7 As its name suggests, the Order Regarding Remand constituted the
Commission's response to our decision in AG Processing, 385 S.W.3d 511, which
reversed and remanded the September 28, 2011 report and order for further
reconsideration under the appropriate burden of proof. After discussing the factual and
procedural history of the 2010 complaint case, our holding in AG Processing, and the
correct preponderance of the evidence, prudence, and proof of harm standards to be
applied in the case, the Commission determined that due process required it to vacate
the September 28, 2011 report and order and reopen the record to take additional
evidence. Because it was reopening the record in the 2010 complaint case, the
Commission also decided, as a matter of administrative economy, to consolidate it with
the 2012 complaint case, which had been stayed. The Commission directed the parties
to coordinate the presentation of the evidence for both of the consolidated cases and to
jointly file a proposed procedural schedule.

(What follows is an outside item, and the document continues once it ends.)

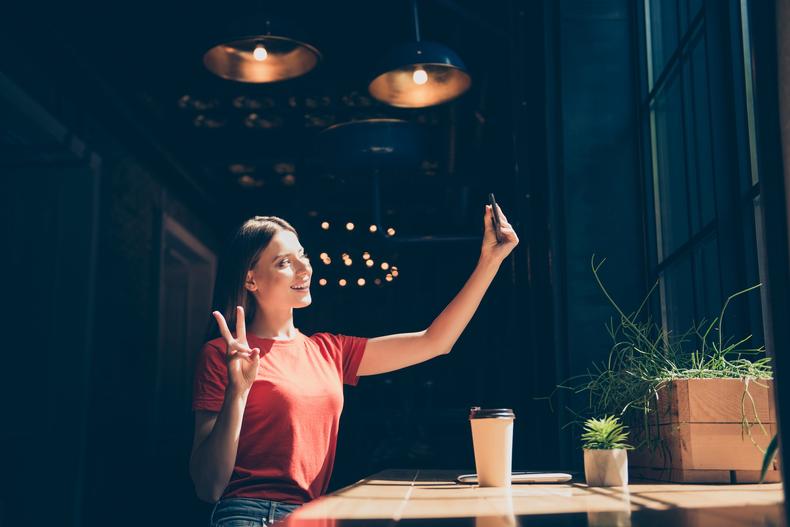 Woman taking a selfie at a cafe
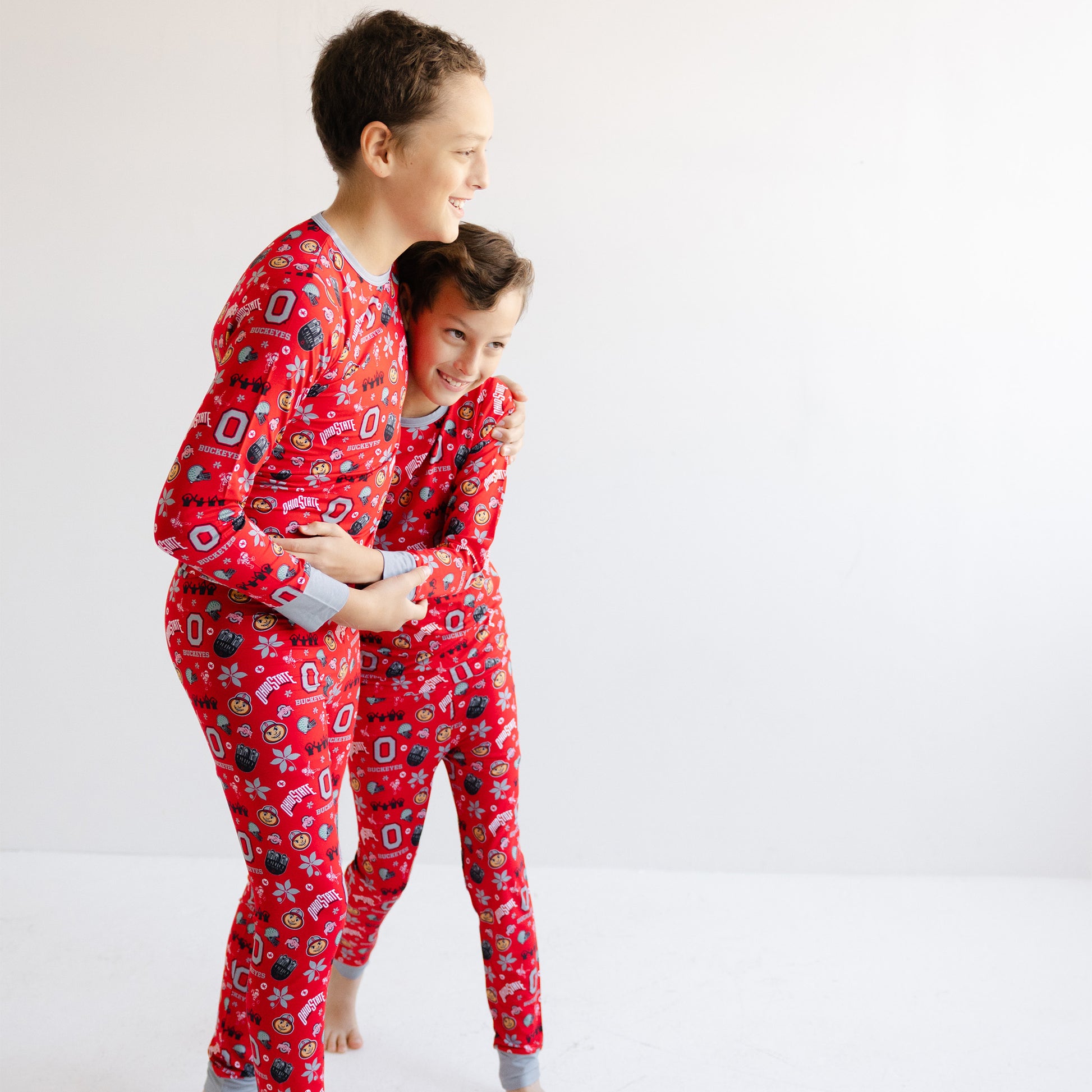 Two children wearing matching red long-sleeve pajamas with a ohio state buckeyes print, standing together against a plain white studio background.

Based upon these provisions, it is clear that the Order Regarding Remand did
not address, let alone resolve, the allegations of imprudence that AGP raised in the
2010 and 2012 complaint cases. All of the evidence had yet to be submitted in both
cases. Indeed, at the time the Order Regarding Remand was issued, no evidence had
been adduced in the 2012 complaint case. The Order Regarding Remand was simply a
guide that explained how, in light of our reversal and remand of the 2010 complaint
case, the Commission planned to proceed going forward to bring the 2010 and 2012
complaint cases to a final resolution.
The Commission's inclusion of an order directing the steam customers to return
the refunds to KCP&L through the QCA did not transform the Order Regarding Remand
8 into a final order. The refunds were originally granted to the steam customers as relief
after the Commission found that Aquila had imprudently operated its hedging program --
a finding that this court deemed erroneous on appeal and reversed and remanded for
the Commission's further consideration. The Order Regarding Remand did not finally
decide the issue of Aquila's imprudence; therefore, it did not resolve the issue of who,
ultimately, was entitled to the refunded amounts. The Commission recognized this, as it
stated that, if it determines after the new evidentiary hearing that Aquila's actions were
imprudent and that it should not have ordered a return of the refunds, it will order
KCP&L to give the returned amounts back to the customers through the QCA. 4 Thus,
the Commission's decision to return the refunds is subject to recall or reconsideration
and is not a final administrative order.
CONCLUSION
We dismiss AGP's appeal of the Order Regarding Remand.
____________________________________ LISA W HITE HARDWICK, JUDGE
ALL CONCUR.
4 Because appellate jurisdiction is lacking, we express no view on the substantive correctness of the Commission’s order requiring that KCP&L recoup the refunds previously paid to Aquila’s steam customers pending final resolution of the 2010 complaint case.